Au Cameroun, la croissance est en béton armé
Seul producteur local, Cimencam ne parvient pas à satisfaire la demande exponentielle de ciment. Pour rester numéro un et s’imposer dans la sous-région, la filiale de Lafarge va devoir batailler ferme.
Le Cameroun sort de ses frontières
Pas besoin d’être un expert pour voir que, chez Cimenteries du Cameroun (Cimencam), on ne chôme pas. Devant l’entrée de la principale cimenterie du pays, à Bonabéri, les files de poids lourds encombrent les routes défoncées en attendant leur chargement, pendant qu’un nuage épais s’échappe en continu des broyeurs, enfumant toute la banlieue industrielle de Douala. Pourtant, la filiale camerounaise du numéro un mondial, Lafarge, n’arrive pas à suivre la cadence nécessaire ces dernières années, « dans un pays où tout est à construire », explique Ravi Iyer, son directeur général. Seul fabricant local de ciment depuis sa création en 1963, Cimencam produit en effet péniblement 1,3 million de tonnes par an, quand la demande nationale excède les 2 millions et, selon les estimations des pouvoirs publics, devrait culminer à 8 millions de tonnes par an à court terme, avec le lancement des projets structurants programmés par l’État.
Pénurie
Les importations de ciment en provenance de Chine, de Turquie ou du Pakistan, autorisées depuis 2008, ont permis de répondre aux pénuries tout en stabilisant les prix. « Elles ne pourront cependant pas soutenir à elles seules une demande locale et régionale affichant chaque année une croissance à deux chiffres », estime un distributeur.
La seule solution passe donc par la construction de nouvelles unités de production. Cimencam, qui dispose, outre son site de Bonabéri, d’une usine à Figuil (dans le nord du pays), attend les conclusions des dernières études de faisabilité pour lancer les travaux de sa future cimenterie de Nomayos, au sud de Yaoundé.

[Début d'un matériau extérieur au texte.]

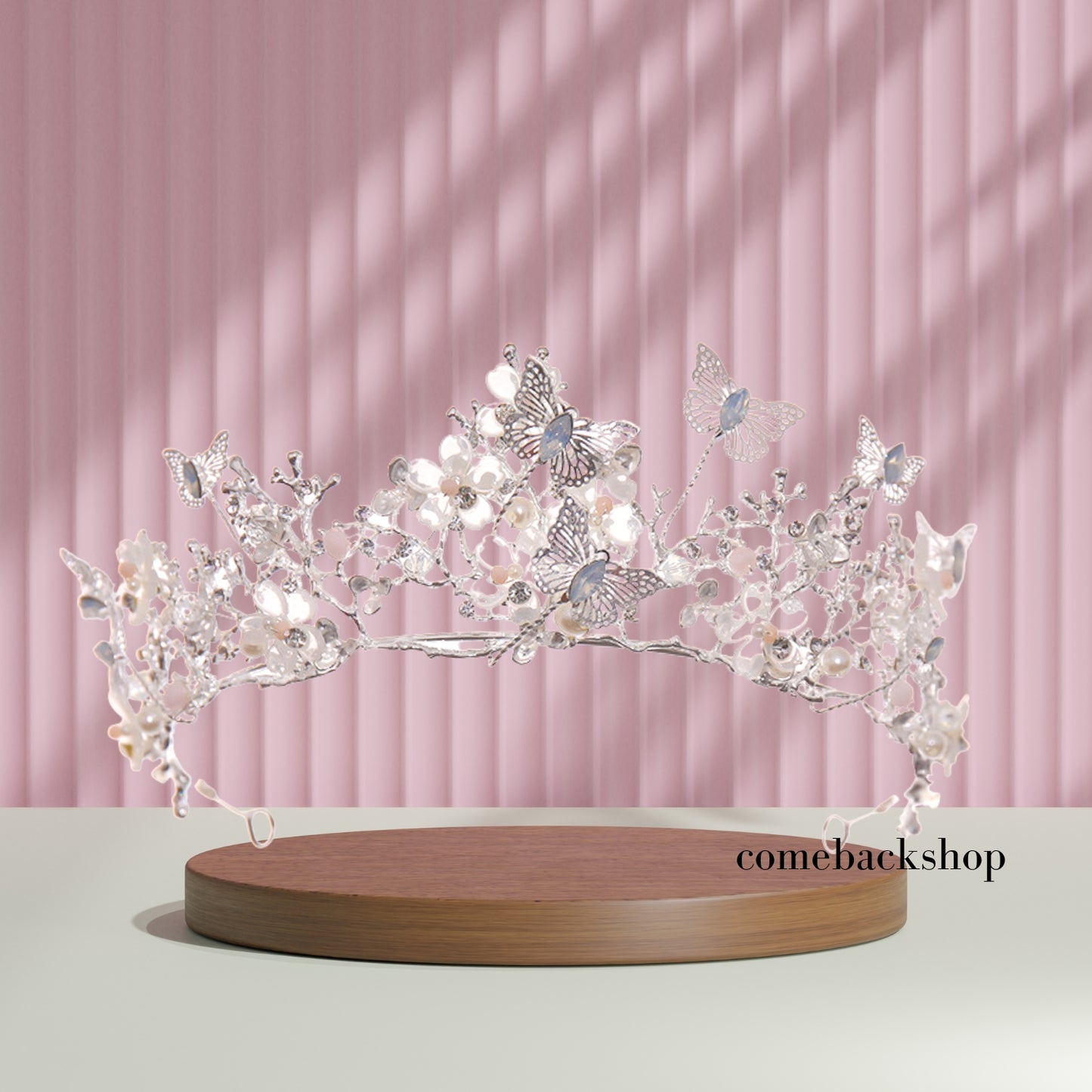 Butterfly silver tiara headband pearl jewelry accessories wedding crown bridesmaids gifts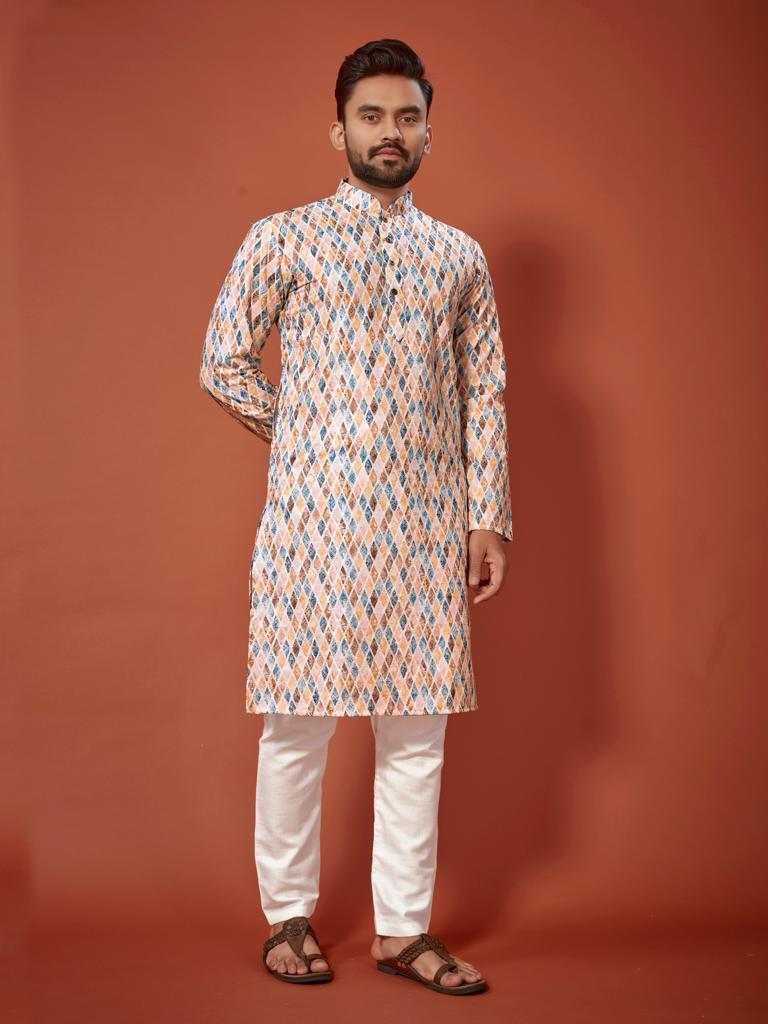 Men's Lucknowi Chikankari Digital Print Cotton Kurta Leela Straight Fit Ethnic Wear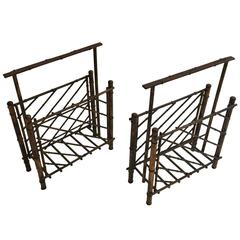 Pair of Italian Brass Magazine Racks Bamboo Form, 1960s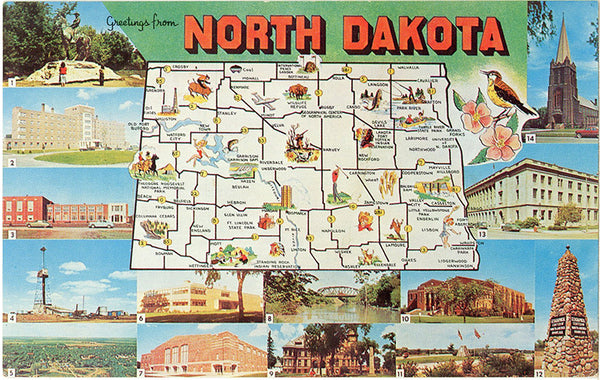 North Dakota State Map Vintage Postcard (unused) - Vintage Postcard Boutique
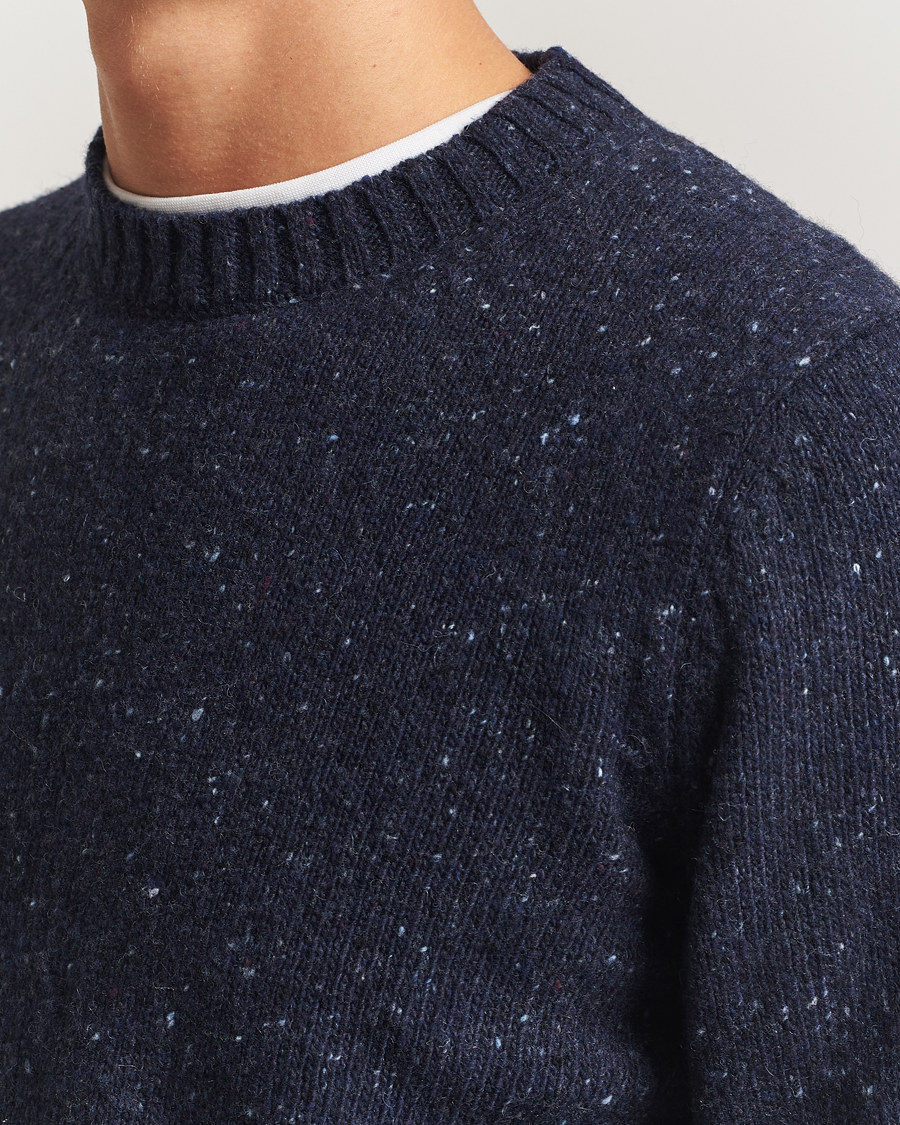 Heren | Truien | Samsøe Samsøe | Nataniel Donegal Knitted Crew Neck Salute Navy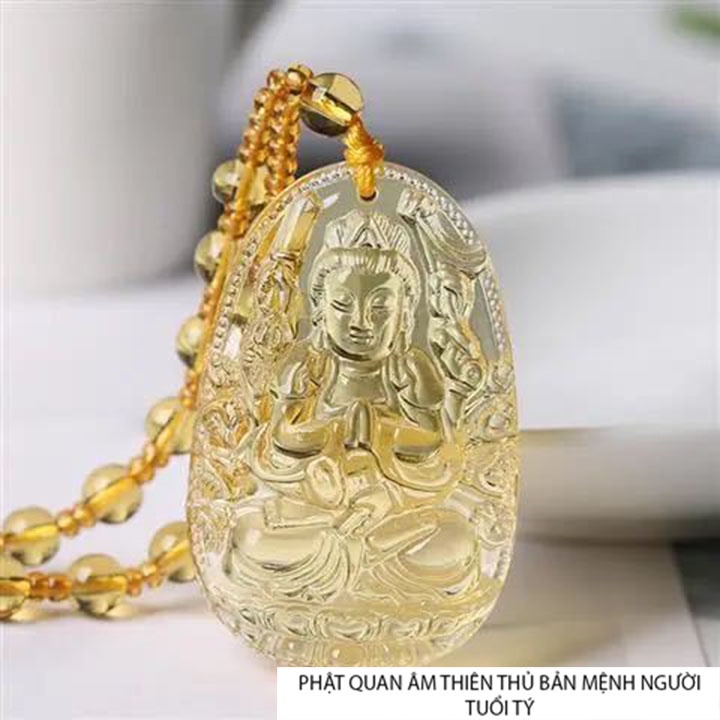 Mặt dây chuyền phật Quan Âm Thiên Thủ size nhỏ 3.7cm x 2.4cm - Bản mệnh người tuổi Tý-Tặng kèm theo dây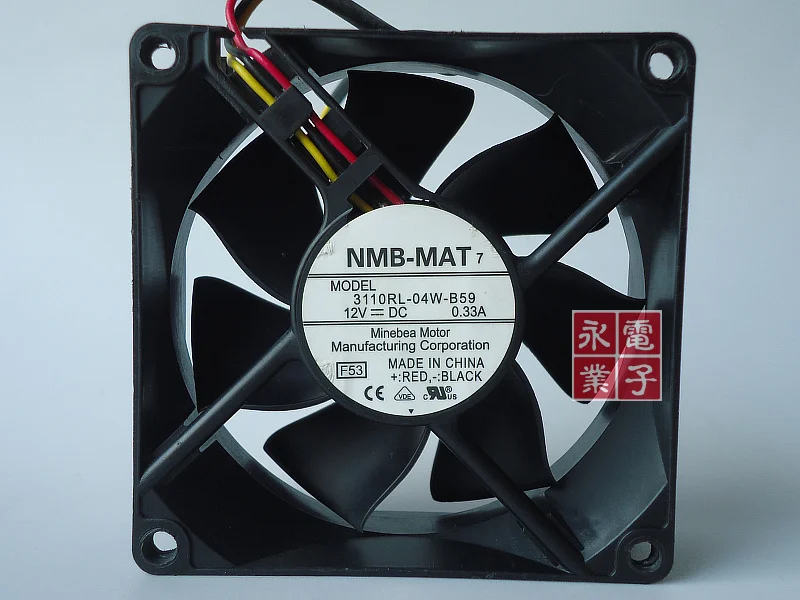 NMB MAT 3110RL 04W B59 F53 DC 12V 0.33A 80x80x25 мм 3 Провода Сервер вентилятор охлаждения|Кулеры и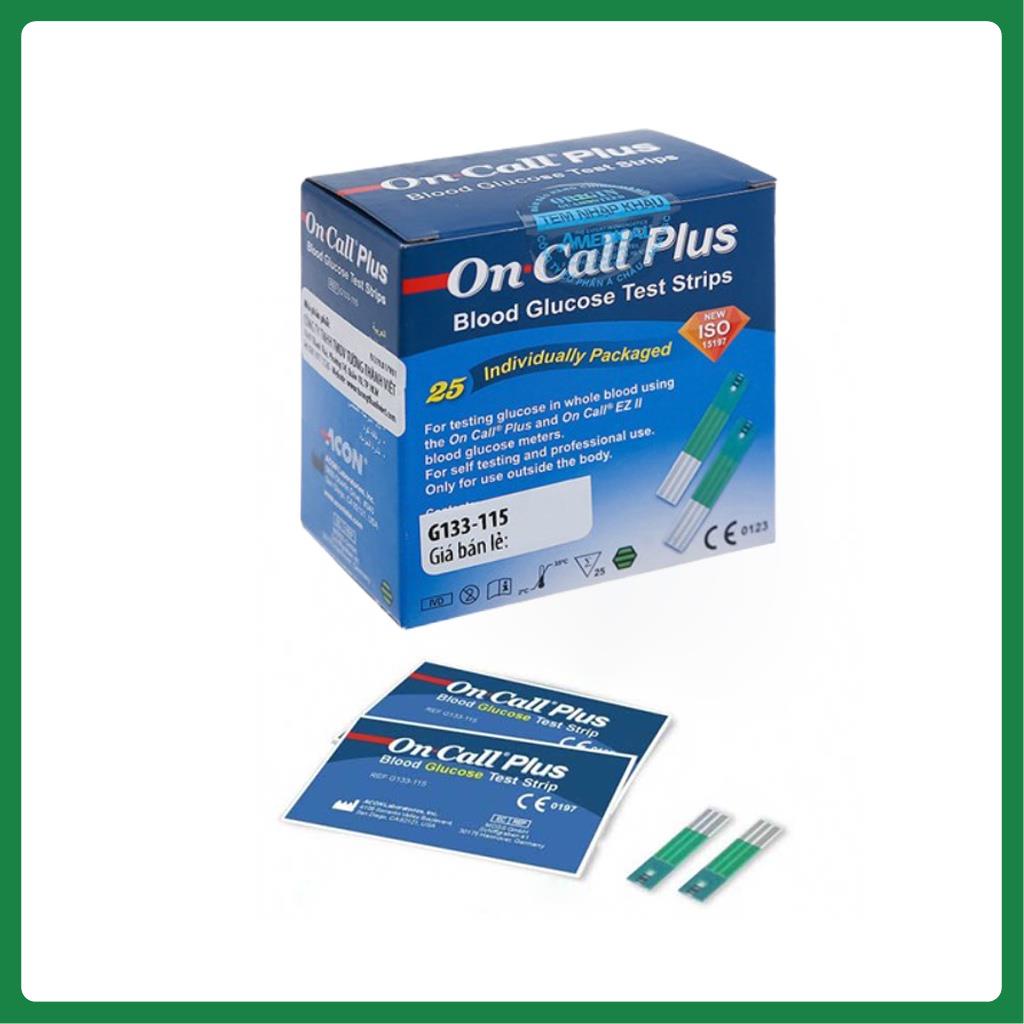 Que thử đường huyết Acon OnCall Plus [Hộp 25 que] - Dùng Cho Máy Đo Đường Huyết On-Call Plus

La consommation nationale devrait passer de 70 kg à 200 kg par personne et par an d’ici à 2020.
Programmé « pour la fin 2013 », cet investissement de 70 millions d’euros, pris en charge par l’opérateur, doit offrir une capacité de production supplémentaire de 700 000 t par an, « susceptible de faire face à l’augmentation des marchés locaux et sous-régionaux », espère Ravi Iyer. L’usine devrait permettre également de regagner au passage quelques-unes des parts de marché grignotées ces dernières années par les différents importateurs. Le temps presse pour Cimencam, qui ne détient plus « que » 75 % du marché, contre plus de 90 % il y a trois ans. Même si, selon le directeur général de l’entreprise, « les perspectives sont suffisamment prometteuses pour qu’il y ait de la place pour tout le monde », la concurrence fourbit ses armes.
Dangote hausse le ton
Attiré par la croissance du marché camerounais et désireux de prendre pied dans la sous-région, le nigérian Dangote Cement a posé la première pierre de son usine (d’une capacité attendue de 1 million de tonnes par an) en septembre 2011, sur les berges du Wouri à Douala… juste en face de la station de broyage de Cimencam. Mais depuis le 1er mars, le projet est gelé pour cause de tracasseries administratives relatives au choix du site, pourtant attribué par l’État. Pendant qu’Aliko Dangote hausse le ton, le gouvernement tente de débloquer la situation et de relancer le dossier, qui, en plus de créer 200 emplois, injecterait 87 millions d’euros dans l’économie locale.
Un autre projet de cimenterie, lancé en 2002 et suspendu, revient dans l’actualité. L’État vient en effet de donner son feu vert au consortium sud-coréen et singapourien d’Afko Cement pour la construction à Limbé d’une unité d’une capacité de 800 000 t par an (un investissement de 40 millions d’euros). « Les travaux devraient démarrer avant la fin de l’année », confirme Mohamadou Dabo, consul honoraire de Corée du Sud à Douala.
Enfin, à l’issue de sa rencontre avec le chef de l’État camerounais, début mai, le PDG du promoteur marocain Addoha, Anas Sefrioui, a annoncé que son groupe allait investir entre 20 et 30 millions d’euros dans la construction à Douala, d’ici à la fin de 2012, d’une cimenterie d’une capacité de 500 000 à 1 million de tonnes par an.